SAVI OUTLIER ANALYSIS USING R 

Revealing Educational Trends: Outlier Analysis of SAVI Data for School Corporations (25) and Counties (12) Using R. 

Introduction

Our project aims to detect outliers in a dataset containing educational health indicators for school corporations and counties over multiple years for SAVI and Evansville datasets. Using robust statistical techniques, we seek to uncover insights into public health trends and educational impacts. The dataset includes records with year, geography, and indicator information, enabling us to conduct detailed outlier analysis for both school corporations and counties. 

We also use geographic contextual data, providing unique identifiers and descriptive details for each location, to map data points accurately. This analysis, along with indicator visualization data, will help inform educational policies and public health strategies, ultimately contributing to improved educational outcomes and public health initiatives. 

Methodology:

1. Data Cleaning: 

   – The dataset containing information about geographies, data values, years, indicator IDs, and display labels was cleaned to remove missing or erroneous data points, ensuring the reliability of our analysis. 

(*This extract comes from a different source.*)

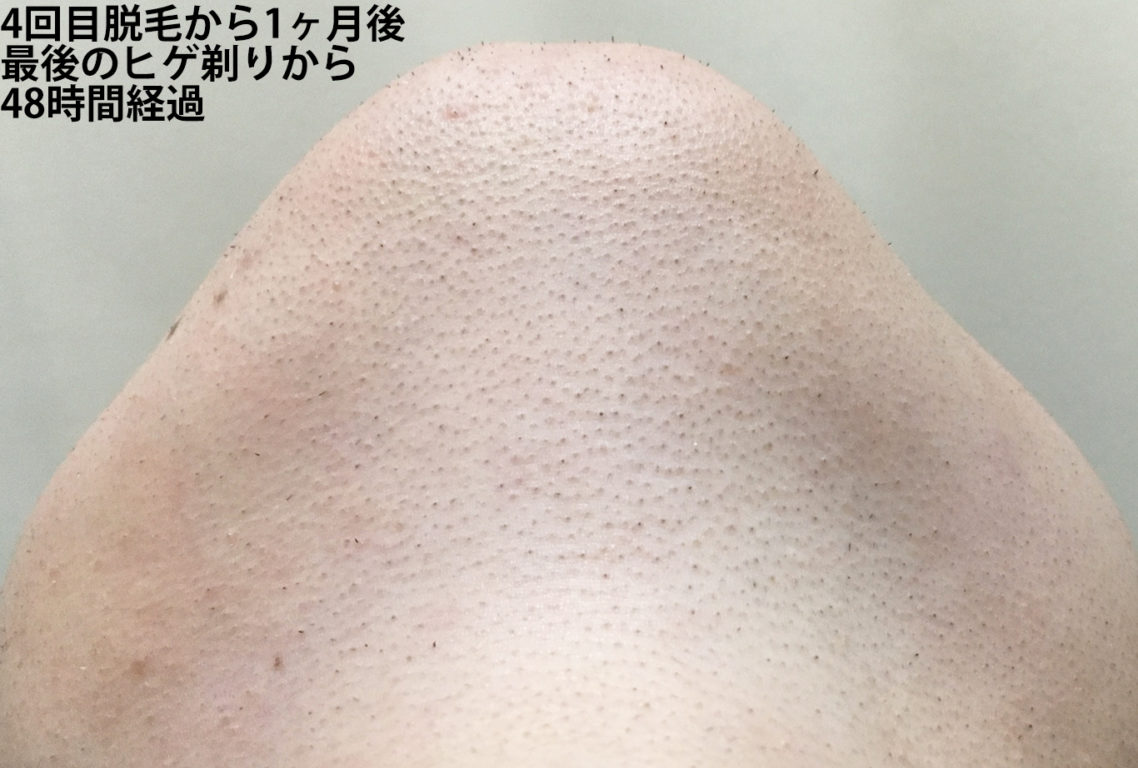 4回目脱毛から1ヶ月間後最後のヒゲ剃りから48時間経過のあご下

   – We standardized the data format and checked for any inconsistencies or anomalies in the data values. 

2. Data Analysis: 

   – Mean and standard deviation were calculated for the indicators across school corporations and counties, providing insights into central tendencies and variabilities. 

   – Bias and trend calculations were performed for each indicator over the years, revealing significant trends or biases in the data. 

3. Data Visualization: 

   – Using Tableau Public, we created user-friendly plots to effectively communicate our findings. 

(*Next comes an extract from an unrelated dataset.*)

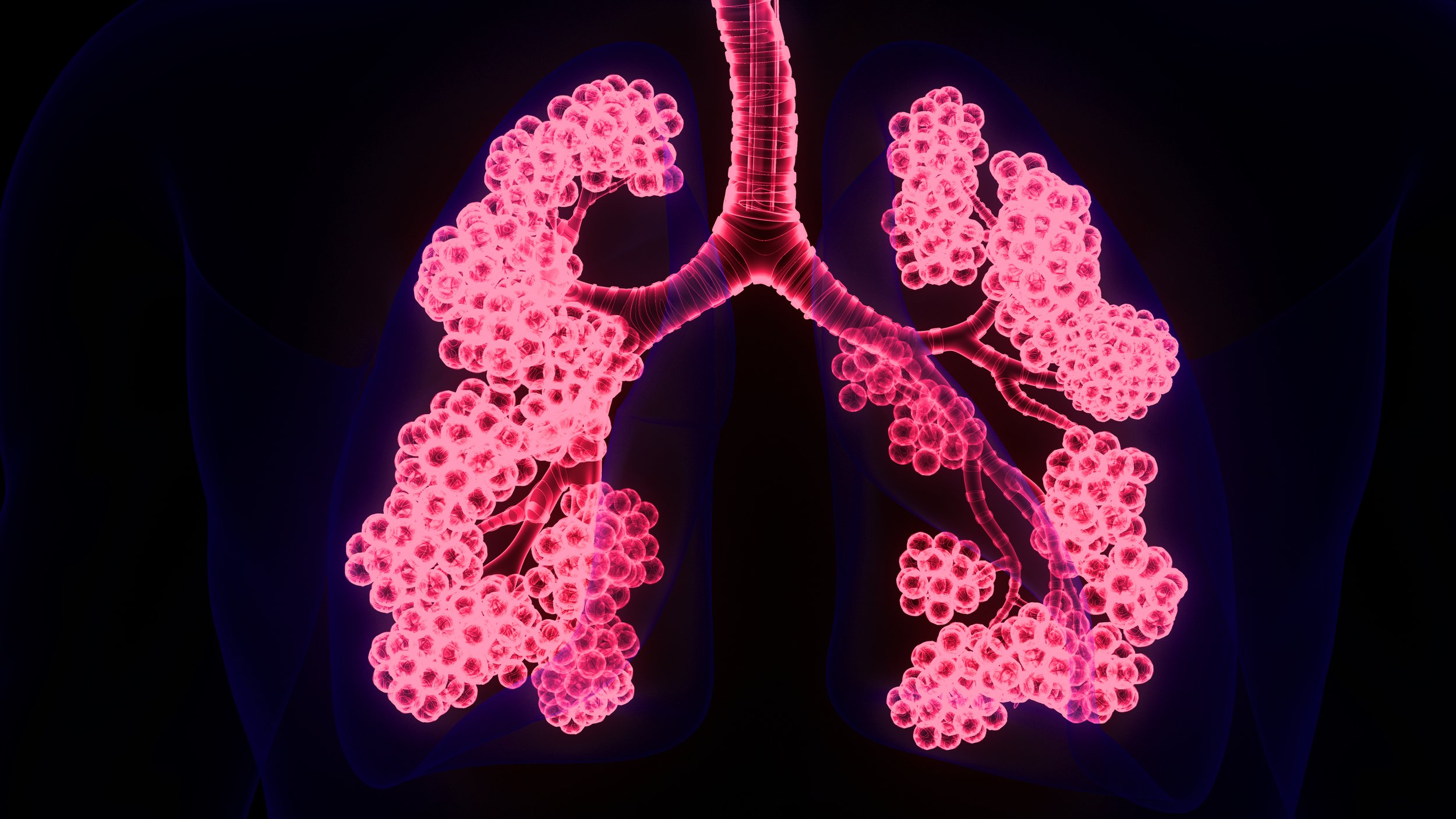Cystic fibrosis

   – Plots were generated to showcase outlier trends and percentages of counties and school corporations for each indicator and geography. 

   – These visualizations facilitated a clearer interpretation of the data and enabled us to communicate our results to stakeholders effectively. 

Workflow: 

Visualizations

Tree Map Visualization

Visualized the distribution of outlier counts across different indicators and geographies (counties and school corporations). The treemap highlighted significant regional disparities in outlier occurrences. Greater Jasper and Vanderburgh School Corporations emerged as hotspots, as having the highest number of outliers (51 and 50each). 

Pie Chart Visualization: 

Showcased the percentage of outliers for each indicator within the SAVI and Evansville datasets. And also incorporated filters for trend and geography to facilitate comparative analysis. By filtering by geography, we could compare the distribution of outliers across counties and school corporations. This provided insights into regional differences in data quality and potential sources of variation. 

Bar Chart Visualization:

The bar chart clearly illustrated the concentration of outliers in certain counties and school corporations. This information can help prioritize investigations and resource allocation. By analyzing the relationship between trend and outlier count, we can identify indicators that exhibit significant deviations from expected patterns. 

Summary:

  • Conducted dataset analysis, selecting pertinent columns for further examination to ensure relevance and accuracy. 
  • Calculated statistical measures such as mean, trend, bias, and standard deviation to gain insights into the dataset’s central tendencies and variabilities. 
  • Identified outlier counts for each indicator and geography in both counties and school corporations, highlighting significant deviations from expected values. 
  • Utilized visualization techniques to present outlier trends and indicator distributions, facilitating a deeper understanding of the dataset and its implications.